4. Despite undertaking such a crucial role in New Zealand commerce, insolvency practitioners are not required to be licensed or registered by a regulatory body with powers to investigate possible misconduct. While some governance provisions are imposed on insolvency practitioners by statute,1 practitioners are not required to have particular qualifications or levels of education, nor are they required to belong to any professional organisation.2 Because of this, there is no official record of the number of insolvency practitioners, or their qualifications. This information deficiency has the potential to create problems for those appointing practitioners as they may not always know whether practitioners have the skills, competence and knowledge required to liquidate or rehabilitate companies.
5. Options for strengthening the regulatory framework for insolvency practitioners were included in the Ministry's 2004 discussion document because of concerns raised that the existing regulatory framework was not effectively managing the risks involved in corporate insolvency. An ineffective regulatory regime creates a risk of financial harm to the company, creditors and, more generally, to the confidence in the credit market. While difficult to quantify, the impact of this harm can be significant.
6. A total of 52 submissions were received on the 2004 discussion document, of which 35 addressed the issue of professional regulation - a significant number given the small number of practitioners who operate in New Zealand. Submissions were received from a wide cross-section of interested parties, including individuals, companies and professional associations.
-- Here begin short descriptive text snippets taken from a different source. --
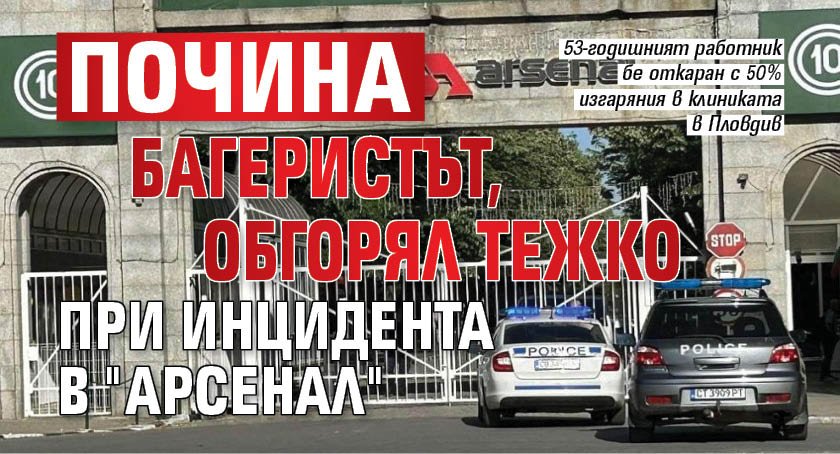 Почина багеристът, обгорял тежко при инцидента в "Арсенал" 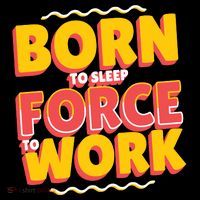 Born To Sleep Force To Work Short Acrylic Beanie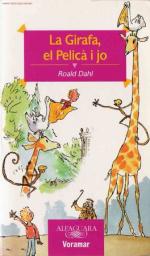 La Girafa, el Pelicà i jo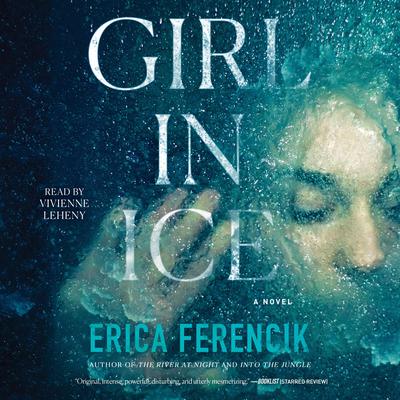 Girl In Ice by Erica Ferencik audiobook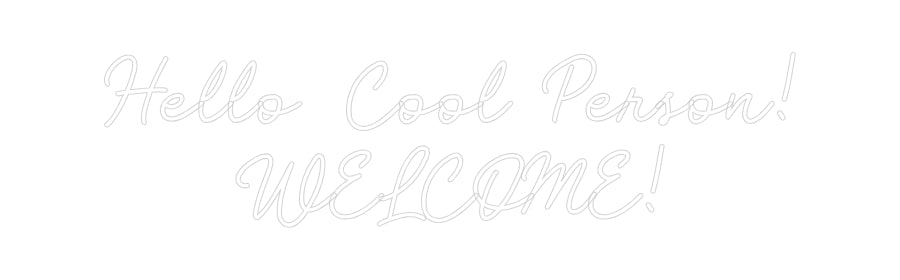 Custom Neon: Hello Cool Pe...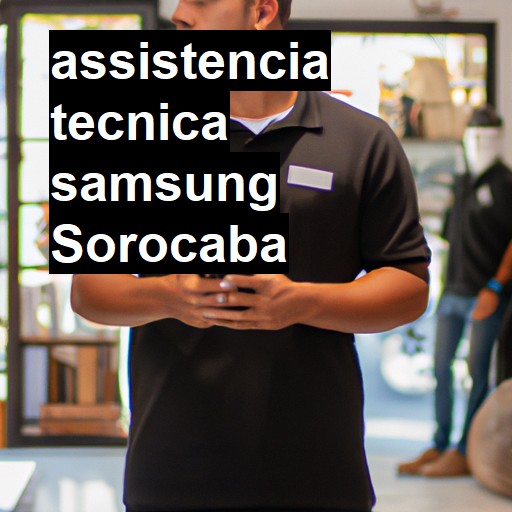 Assistência Técnica Samsung  em Sorocaba |  R$ 99,00 (a partir)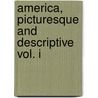 America, Picturesque And Descriptive Vol. I by Joel Cook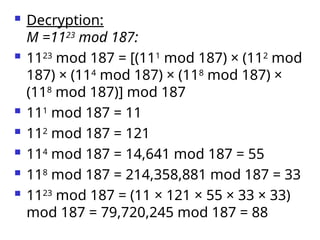  Decryption:
M =1123
mod 187:
 1123
mod 187 = [(111
mod 187) × (112
mod
187) × (114
mod 187) × (118
mod 187) ×
(118
mod 187)] mod 187
 111
mod 187 = 11
 112
mod 187 = 121
 114
mod 187 = 14,641 mod 187 = 55
 118
mod 187 = 214,358,881 mod 187 = 33
 1123
mod 187 = (11 × 121 × 55 × 33 × 33)
mod 187 = 79,720,245 mod 187 = 88
 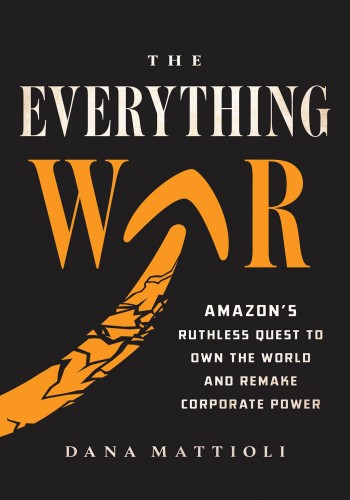 The Everything War: Amazon’s Ruthless Quest to Own the World and Remake Corporate Power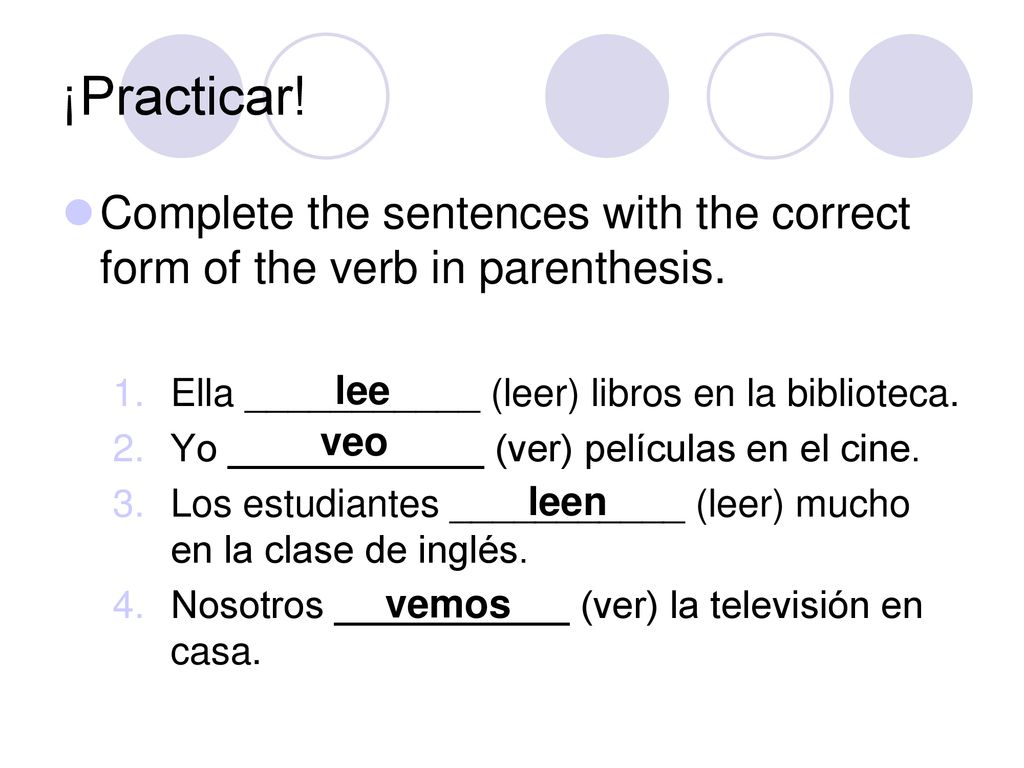 ¡Practicar! Complete the sentences with the correct form of the verb in parenthesis. Ella ___________ (leer) libros en la biblioteca.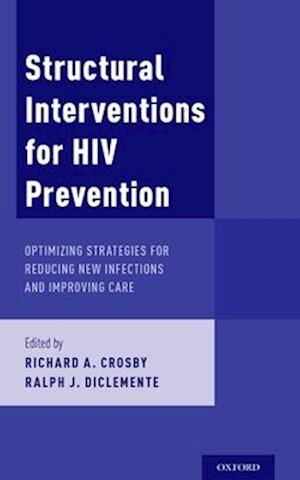 Structural Interventions for HIV Prevention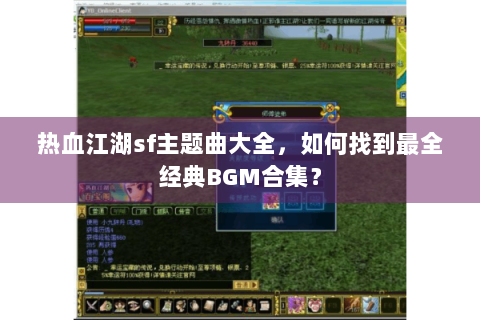 热血江湖sf主题曲大全，如何找到最全经典BGM合集？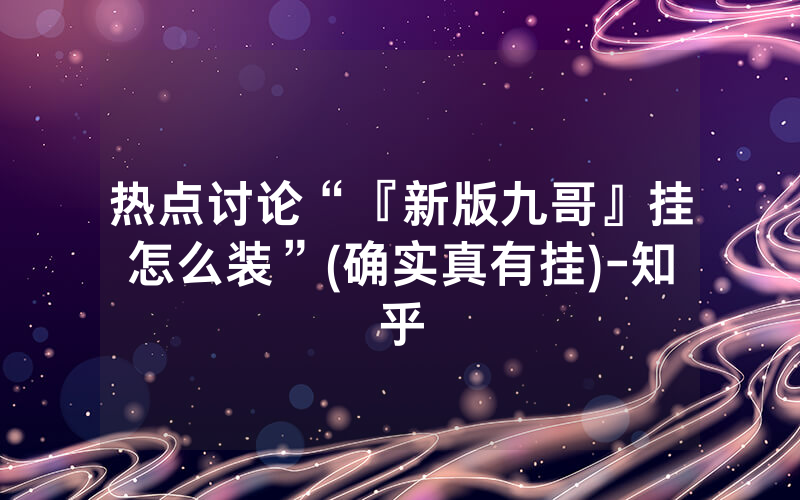 热点讨论“『新版九哥』挂怎么装”(确实真有挂)-知乎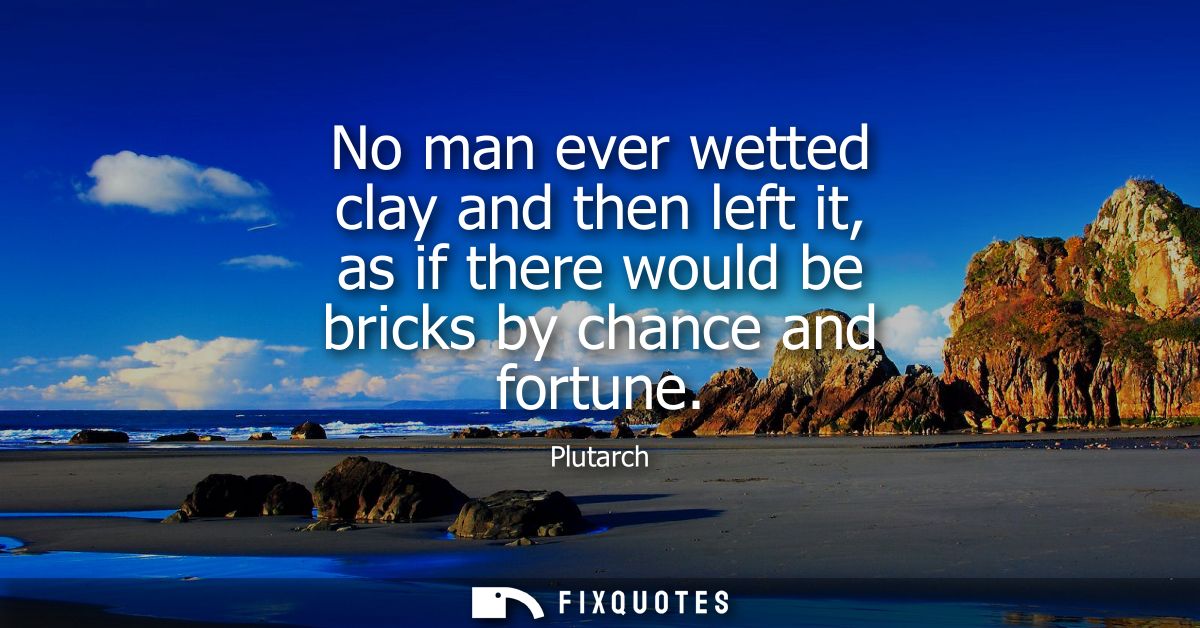 No man ever wetted clay and then left it, as if there would be bricks by chance and fortune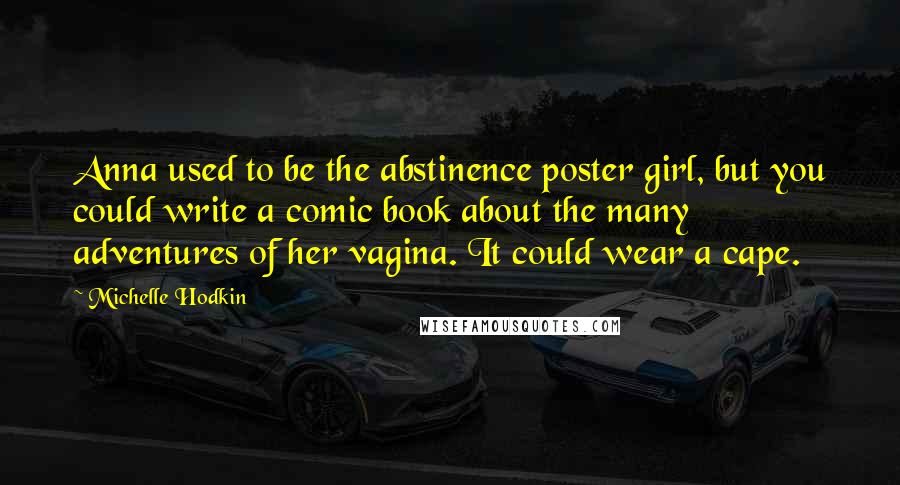 Michelle Hodkin Quotes: Anna used to be the abstinence poster girl, but you could write a comic book about the many adventures of her vagina. It could wear a cape.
7. The general signal from the submissions was that the status quo in relation to insolvency practitioners is unsatisfactory. While there was a strong theme that the great bulk of liquidations are carried out by capable and honest practitioners, concerns were expressed about the competence and integrity of a minority of practitioners, in particular that:
- some practitioners lack the necessary skills and knowledge to carry out corporate insolvencies competently;
- some practitioners do not carry out their role in a professional manner. The main concerns related to practitioners who favour the interests of the directors of debtor companies ("debtor-friendly practitioners"). This is contrary to the law, which states that the principal duty3 of a liquidator is towards the creditors of the insolvent company.
- there is a risk of practitioner negligence and dishonesty, such as fraud.
8. Submitters commented that there may be as few as 50 practitioners who might truly be regarded as insolvency specialists. There are other practitioners who do some insolvency work from time to time. Submissions indicated that up to 20 practitioners may not be up to the required standard. It is important to note that this information is anecdotal. As identified earlier, there is no formal record of the numbers of practitioners operating in the industry.
9. Similar concerns about the regulatory framework for insolvency practitioners have recently been expressed in submissions on the Insolvency Law Reform Bill (the Bill) that is currently being considered by Parliament, particularly in relation to the proposal to introduce a VA regime.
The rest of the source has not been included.